When Mr. Michie first begins team teaching, he and his fellow teacher create a unit on being Mexican American. I thought this was brilliant, I also saw some problems. What if I end up teaching in Arizona? The law prohibits teachers from involving Spanish or hispanic culture in the classroom, but these students live right next to the border even if they aren't hispanic themselves. That culture is part of their lives. I want to bring it into the classroom, but I also don't want to lose my job.
Examples of Ideas We Discussed in Class: I mentioned before how much I loved the idea of a unit based just on Mexican American identity. I felt like this incorporated a lot of what we talked about with inclusive pedagogy. The teachers didn't take the kids experiences and apply them to school, they took school and applied it to things the kids were already a part of. The kids were allowed to use their funds of knowledge to enrich the course. They had the opportunity to explore and value the culture that they had been so afraid to share with their peers before.
One of the other stories I appreciated was the very first one about Tavares. You loved the cheeky kid from the teacher's side of the story, but hearing Tavares' own background really shed a lot of light on what he went through as a kid. He was involved in gangs and drug-dealing. He was poor and got kicked out of his home and later dropped out of school. He fit right in with the stories we discussed of kids struggling with poverty or identity. He found it educating as an adult just to discover that not all black people were poor. Wasn't that something he should have learned long before then? He was so honest of about getting mixed up in gangs--he just wanted to get his life back on track, and for a while it looked like that would do it for him.
How the Stories Will Influence my Work as a Teacher: If you haven't noticed yet, I was absolutely enchanted by the assignment on exploring what it means to be Mexican American. I feel like this is a unit that should be done in any classroom in the west, just so students are aware of it. THere are plenty of Mexican American authors who I would like to include in my classroom. My students should understand that not all authors are just one background or culture. You could also bring school to the students more subtly by assigning a small paper on the cultures of the country that their ancestors came to America from. However long ago that was, they would have the opportunity to look at a culture and say what they wished had stayed with their family. This would also allow more recent immigrants to share their stories without picking them out specifically.
I also thought about how Mr. Michie tried to involve literature that had multiple backgrounds. There is no one kind of student, so there should never be just one kind of book. I think it would be interesting to have book discussions where students are asked to read books on different perspectives of the same event. The students showed that they could argue a point they didn't agree with even with little preparation. I would love to see what a class could do with more time.
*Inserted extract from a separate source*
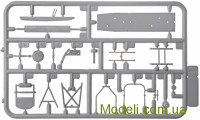 RODEN 411 Масштабна модель літака Sopwith 1.B1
The thing I most identified with however, was the importance of showing genuine curiosity and interest in a student. Some of them may be hard to love, but that doesn't mean that they are less deserving of it. You have to watch out-make sure none of them slip through the cracks, and that is hard. But I do believe that in order to really teach a student, you have to show that you care about them and respect them. No matter what is going on in their home life, they should feel safe and comfortable in your classroom. That may at times require me to be less distant that I, as a reserved person, am comfortable with, but it is worth it.